Nessuno ha mai pensato prima di lei a Cook the Mountain, a Care’s, il primo congresso che si interroga sugli orizzonti etici di un cuoco. E’ un’unicità replicabile secondo Lei?
Certamente, lo è. Lo abbiamo dimostrato con Care’s Salina, fatta durante il periodo estivo. Io non vado a predicare, faccio vedere quello che si può fare. Si comincia dalla propria casa. Se ci uniamo, io ci sono, sempre pronto a divulgare dei concetti che mi sono propri nel profondo. Ora si dedicherà anche alle cucine del rifugio Alpinn a 2.250 metri sulla cima del Plan de Corones, non lontano dal St.

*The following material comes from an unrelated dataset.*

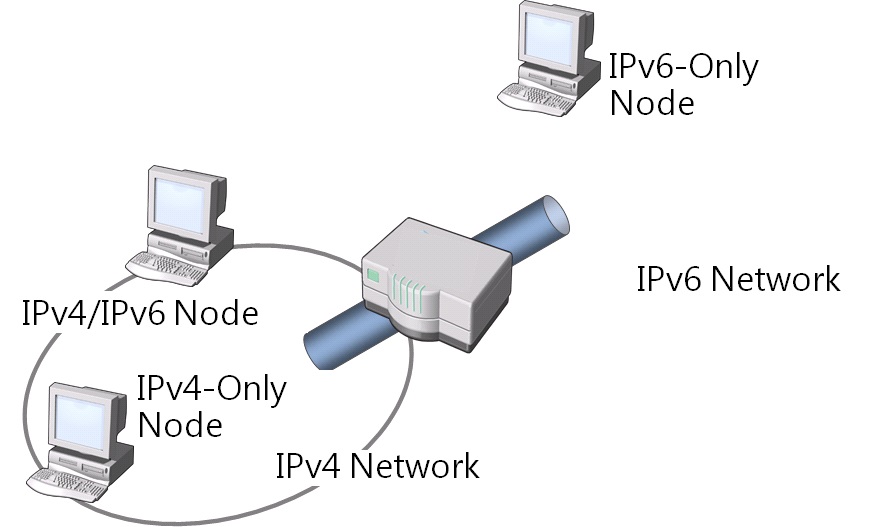 410 Module8 at emaze Presentation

Hubertus. Sta andando verso un’altra strada possibile, una sorta di Cook the Mountain al quadrato? Proprio così. È il nostro nuovo progetto, ampio: un museo della fotografia di montagna, una sala congressi e il rifugio, il vecchio rifugio del primo impianto di Brunico. Per me, sciatore che ha spesso vissuto i comprensori sciistici, è creare qualcosa che gli sportivi non hanno mai avuto! Con una vista che spazia da Lienz alla Valle Aurina, dove sono nato.

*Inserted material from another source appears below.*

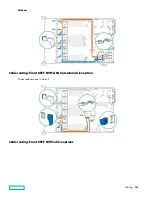 Предварительный просмотр 164 страницы HPE ProLiant DL380 Gen10 User Manual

Come ha progettato Alpinn?
Il design del ristorante è curato dall’altoatesino Martin Gamper, un punto di riferimento assoluto per la progettazione sostenibile. Qui porteremo il progetto Cook the Mountain in stile bistrò con prezzi in linea. Dato che il rifugio è aperto solo a pranzo e il St. Hubertus solo a cena, proseguiamo nel nostro progetto con i nostri contadini, i nostri fornitori, la stessa filosofia della sostenibilità. E qui avremo ancora qualcosa in più da raccontare ai nostri clienti: il lavoro di tutti gli artigiani che hanno costruito quest’unicità. Parleremo del falegname, del fabbro, da dove viene il pavimento e chi l’ha realizzato, lo stesso per i soffitti in stoffa. Li conosciamo, sappiamo come lavorano, con i nostri stessi principi. E qui potremo, con la mia giovane brigata, spiegare ancora di più alla gente il concetto di sostenibilità.
Il mercato alla fine chi premia secondo lei e perché?

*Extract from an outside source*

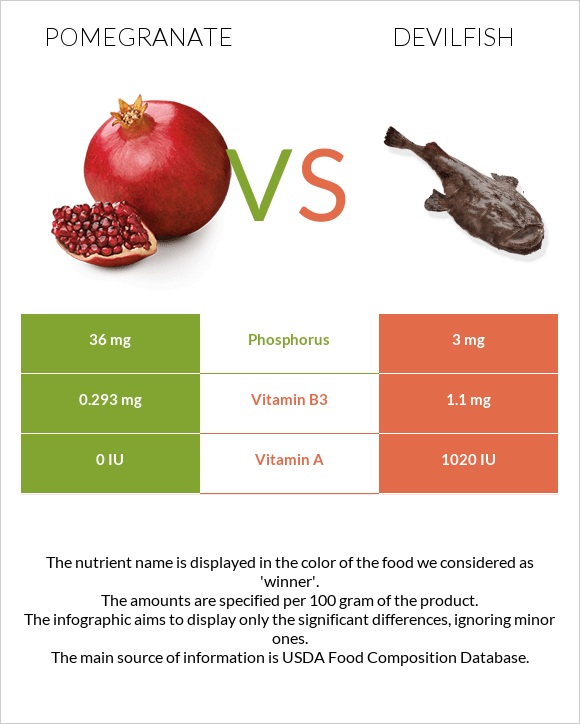 Pomegranate vs Devilfish infographic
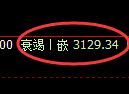 螺纹期货：4小时高点，精准展开弱势回撤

Premia chi ha le idee chiare, è coerente con se stesso sia nella vita sia nel lavoro. E resta al pass. Io non mi muovo mai dal mio ristorante per andare in tv o fare show. Mi trovate sempre qui. Da me c’è il divieto di buttare ciò che ritorna dalla sala: voglio vedere cosa torna indietro per capire: mi interrogo e interrogo il mio staff. E non voglio yes man, voglio gente che parla e si confronta con me. C’è sempre da migliorare, anche a 57 anni e con tre stelle: il mio lavoro è essere un cuoco.